10 Things To Consider Before Taking Out A Personal Loan


Taking out a personal loan can be a lifesaver for many.  With that being said, they do have both pros and cons and it will come down to your own situation to determine whether it is the right move for you.

Here are 10 things to think about before you take out a personal loan

1. They may have a higher interest rate

When it comes to interest rates, you think of a typical 30 year mortgage loan.  The interest rate on that has hovered around four percent for a while.  When you are talking about a personal loan, you can expect the rate to be doubled.  When you refinance your home or take out a home equity line, the bank's risk is lower since your home is collateral. With a personal home, it is a higher risk for the bank, therefore, the higher interest rate.

2. Your credit score plays a role

Because there is no collateral involved, your credit score plays a big role in the interest rate you will be given.   If you do not have good credit, you can expect the interest rates to really go up.  Some loans can go as high as 35%.

3. Personal loans are a short term solution

The typical length of personal loans is kept below seven years.  This is good since borrowing money over long periods is not financially smart.
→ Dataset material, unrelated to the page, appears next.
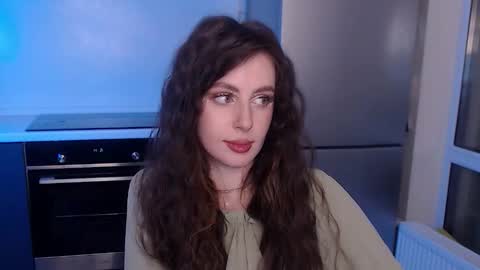 Lilu online show from February 4, 2026, 9:20 pm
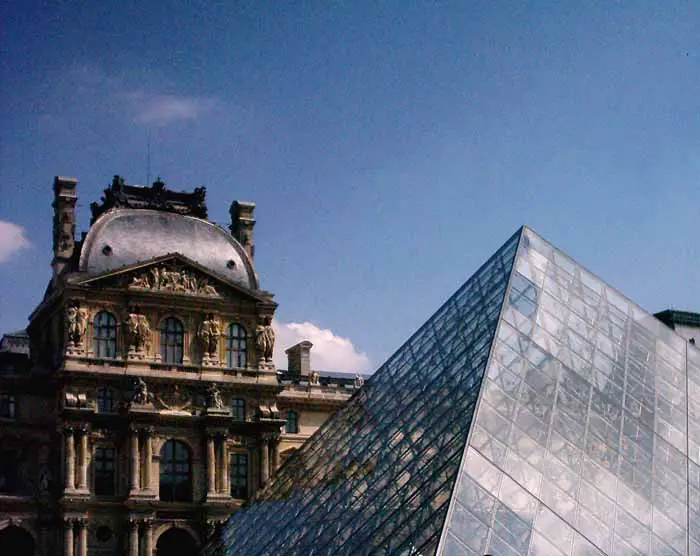 Musée du Louvre - Pyramide, Paris Ie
With that being said, if you plan on borrowing a large sum of money, the payments may be too much for you to pay.

4. Loans are available through different places

There are more options than your bank when it comes to securing a loan. Credit unions often have lower interest rates and fees for their personal loans.  There are also some new players in the marketplace like Prosper and SoFi that offer easy and quick loan approval along with great rates to those with good credit. These types of loans are new to the industry but still worth checking out.

5. Personal loans can help when in a pinch

If you find yourself in need of cash due to unexpected bills like a medical emergency or a leaky roof, you may quickly consider using your credit card but that can be very costly.  At the same time, you do not have time to look into taking out a loan on your home.  This is where a personal loan can come in handy.  The funds are usually accessible within two weeks of applying which is not as fast but may make more financial sense.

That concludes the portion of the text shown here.